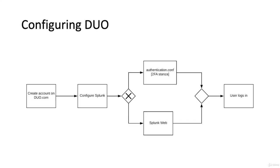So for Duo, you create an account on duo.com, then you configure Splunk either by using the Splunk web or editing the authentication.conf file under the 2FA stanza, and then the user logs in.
--
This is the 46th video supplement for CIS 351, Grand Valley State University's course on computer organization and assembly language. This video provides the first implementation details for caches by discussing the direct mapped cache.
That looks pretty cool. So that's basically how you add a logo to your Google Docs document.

■ Work instruction
Within the data above, the lines from the one with "This is the" to the one with "That looks pretty" must be repeated exactly; no other line belongs in the answer.

■ Exercise solution
This is the 46th video supplement for CIS 351, Grand Valley State University's course on computer organization and assembly language. This video provides the first implementation details for caches by discussing the direct mapped cache.
That looks pretty cool. So that's basically how you add a logo to your Google Docs document.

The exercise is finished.